I have to admit, it was partially my own damn fault that today went sour. Since I showered last night, I simply woke up at 6:30, rolled out of bed, and went on autopilot getting ready as I have for the other infusions. We got to Dana-Farber right on time and while standing in the check-in line I remembered: I was supposed to take three Decadron before I left the house. They took me right away for my bloodwork and I explained that I could make it home and back before meeting with my doctor, but they said it was no problem, that they’d just give it to me via IV before the Taxol (chemo). I was assured that it would be no better or worse. I wasn’t thrilled and was kicking myself as my stomach was already uneasy.

In addition to my queasy stomach, the vein in my wrist was hurting, as did the IV as soon as it was put in my hand. It was checked when we got up to the infusion room; I was told it looked fine, but from now on we’ll use another vein, as it seems the A/C did a number on this one.

Up first: 50 mg of Benadryl. There’s a chance of several not good side effects (I’m sure I am impressing you with my technical talk – sorry, will never be a doctor!) happening during the infusion that they want to prevent, hence both the Decadron and Benadryl. Well, not sure how much of the Benadryl actually penetrated my system, as halfway through the infusion I was sick, going through three blankets and three pails… ugh. Luckily, I didn’t have my normal entourage – mom had just stepped out and it was only Tara and me, and the nurses who rushed over as soon as they heard the retching. I was extremely embarrassed and apologetic, and so thankful when it finally ended. While the large dose of Benadryl was a possible cause, I think I’m just getting like Mirany and my body simply does not want to be there. I really would like to just run away…

The pain in my veins persisted, though, and we kept warm packs on it through most of the infusion, although the heat hurt it, too.

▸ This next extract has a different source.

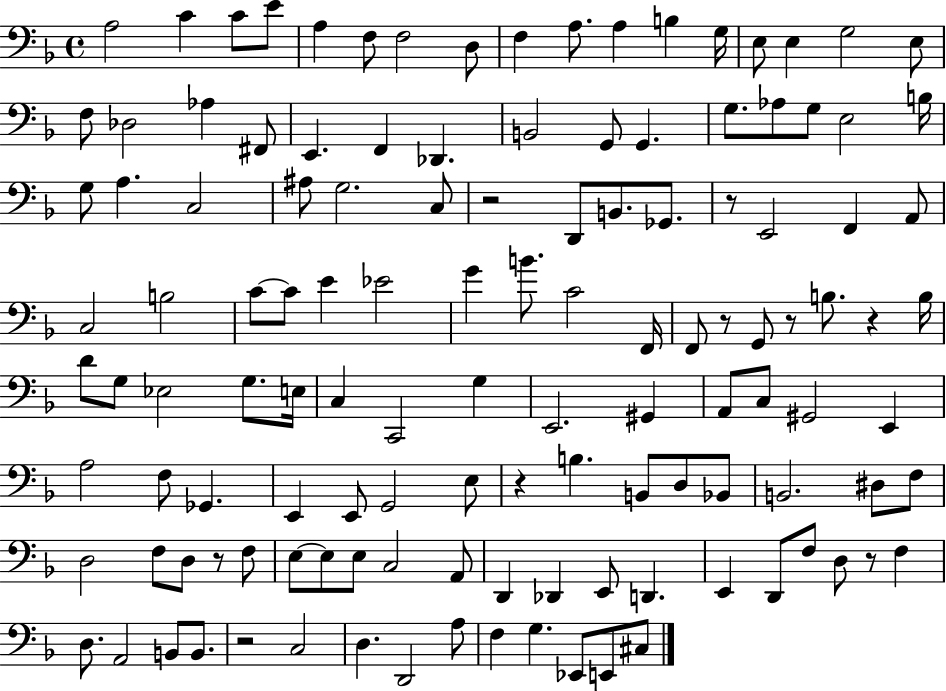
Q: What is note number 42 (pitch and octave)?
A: E2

As soon as it ended, I went home and crashed. I slept for hours and am feeling better now that I’m awake. There are certain things that I still need to watch for over the next 24 hours, including numbness and loss of feeling in my fingers and toes, so I’ll work from home tomorrow. Hopefully none of the side effects will occur and I can be back to normal on Thursday. Even if I have to be miserable during the infusion, I would rather that and be able to work within a day or two, then to just feel generally crappy for a week! Some of the side effects are cumulative, including fatigue, so we will see how the next 11 weeks go…

There was one highlight to my day – no, it wasn’t the bright pink hand wrap, although that was cool. My friend who I mentioned a couple of posts ago who just had a lumpectomy was at Dana-Farber for her follow-up and visited me during my treatment (luckily after the incident mentioned above). She got the official report of being completely cancer free, and looks wonderful, although she’s still experiencing some post-surgery issues. I am just so thankful it was caught so early, and she has a long life ahead of her: please follow her example and do your checks! Time can be on your side if you check regularly. And no matter how many bad days I have through this fight, I will put up with them and even be thankful for them, as I know I have a long life ahead of me, too!